Safety owing to an interdisciplinary team of experts

As early as in 2008, the Schüchtermann-Klinik started to apply the catheter-assisted aortic valve replacement technique. Meanwhile more than 150 high-risk patients have thus successfully been treated. Which makes the Schüchtermann-Klinik nation¬wide one of the cardiac centres with the largest experience in applying this new technique.

The interventions are performed in a hybrid operating theatre by a specialised team of intervention cardiologists, heart surgeons and anaesthetists. The patient is usually given general anaesthesia. In individual cases, however, a quasi-anaesthetic dormancy will do. For safety reasons every surgical intervention is performed having the heart-lung machine in readiness; the intervention takes about one hour.

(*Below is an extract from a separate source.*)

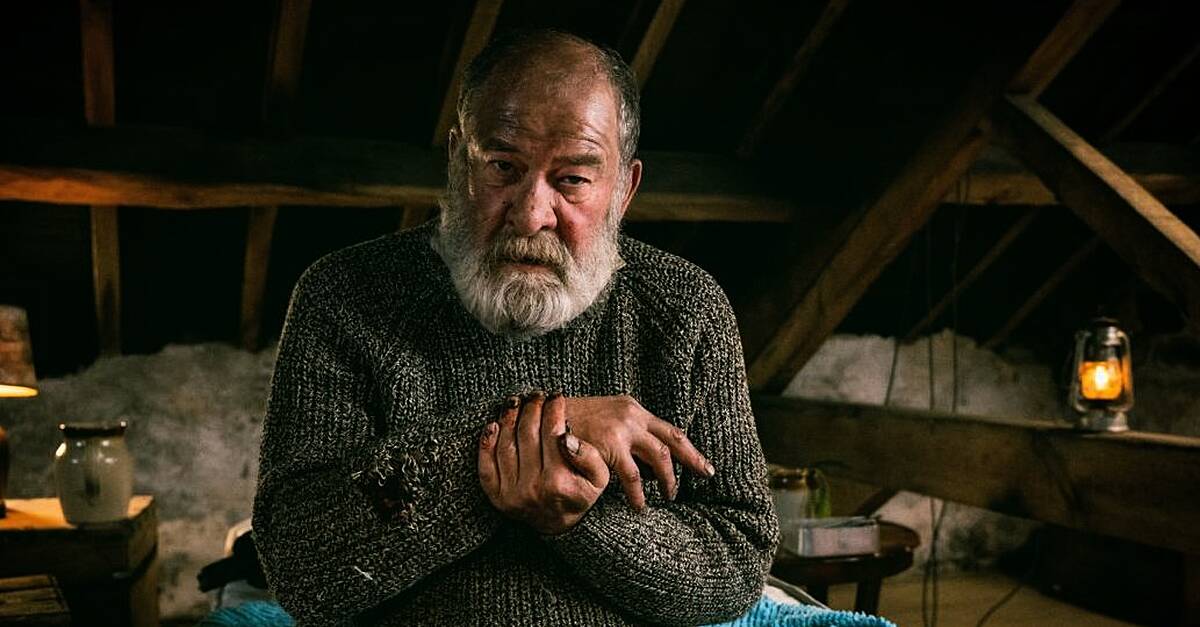 Emmerdale actor Joshua Richards wept over modern slavery plot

To prevent the formation of blood clots on the biological heart valve, after catheter-assisted aortic valve replacement the patients must take a special anticoagulant (Clopidogrel) for three months and thereafter acetylsalicylic acid for the rest of their lives.

Use of the new technique limited to high-risk patients

Meanwhile, in Germany several thousand interventions of this type have been performed. According to the current state of relevant studies and to our experience it is a suitable new technique for high-risk patients. This assessment is based both on the good results shortly after the intervention and on a considerably improved clinical picture in the course of the following two years, when compared with patients being treated solely with drugs.

Applying this technique in patients who are at low risk when undergoing conventional cardiac valve surgery, however, is not reasonable considering the insufficient experience in the long term.